- Born: Eloise M. Burns March 30, 1904 Rochester, New York, US
- Died: October 4, 1987 (aged 83) Brighton, New York, US
- Resting place: Holy Sepulchre Cemetery, Rochester, New York, US
- Education: Rochester Athenaeum and Mechanics Institute
- Known for: illustrator of Little Golden Books
- Spouse: Sidney Wilkin

= Eloise Wilkin =

American illustrator (1904–1987)

Eloise Margaret Wilkin (born Eloise Margaret Burns; March 30, 1904 – October 4, 1987), was an American illustrator. She was best known as an illustrator of Little Golden Books. Many of the picture books she illustrated have become classics of American children's literature. Jane Werner Watson, who edited and wrote hundreds of Golden Books, called Eloise Wilkin "the soul of Little Golden Books", and Wilkin's books remain highly collectible. Her watercolor and colored pencil illustrations are known for their glowing depiction of babies, toddlers, and their parents in idyllic rural and domestic settings.

== Early life ==

Wilkin was born on March 30, 1904, in Rochester, New York, the third of four children.
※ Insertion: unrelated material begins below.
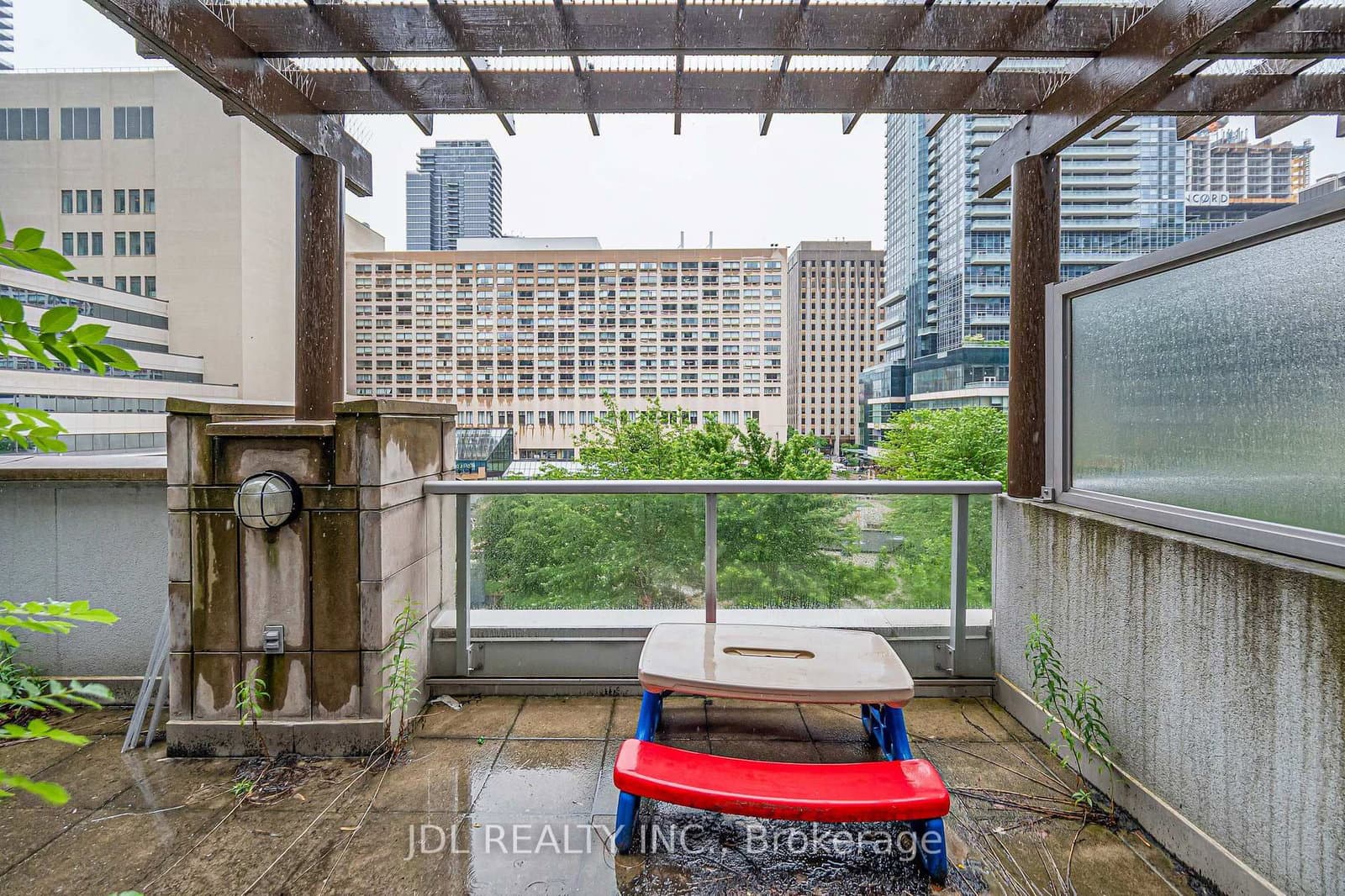 761 Bay Street, Unit TH07 thumbnail 38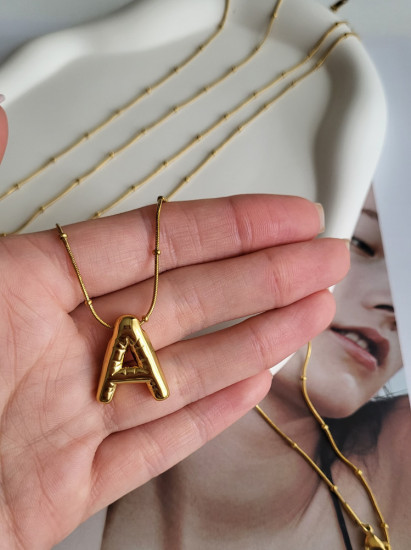 Колье с подвеской «А»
At age 2, Eloise moved with her family to New York City, but spent every summer with her siblings at a relative's home in western New York State. Memories forged there of family togetherness and the outdoors would influence her famous illustrations of nature, children, and family life. Wilkin won a drawing contest for New York schoolchildren at age 11 and graduated from the Rochester Athenaeum and Mechanics Institute, now the Rochester Institute of Technology, in 1923.

== Career ==

Soon after college graduation, Wilkin and her friend Joan Esley opened an art studio in Rochester, New York, but struggling to find work, the pair moved to New York City, where Century Company gave Wilkin her first book to illustrate, The Shining Hours. Many of her early illustrations were for school books. Early in her career, she illustrated paper dolls for Samuel Gabriel & Sons, Playtime House and Jaymar. Wilkin often illustrated the titles of her sister, children's author Esther Burns Wilkin, who married Eloise's brother-in-law. The first of the Wilkins' collaborations was Mrs. Peregrine and the Yak, published by the Henry Holt Company.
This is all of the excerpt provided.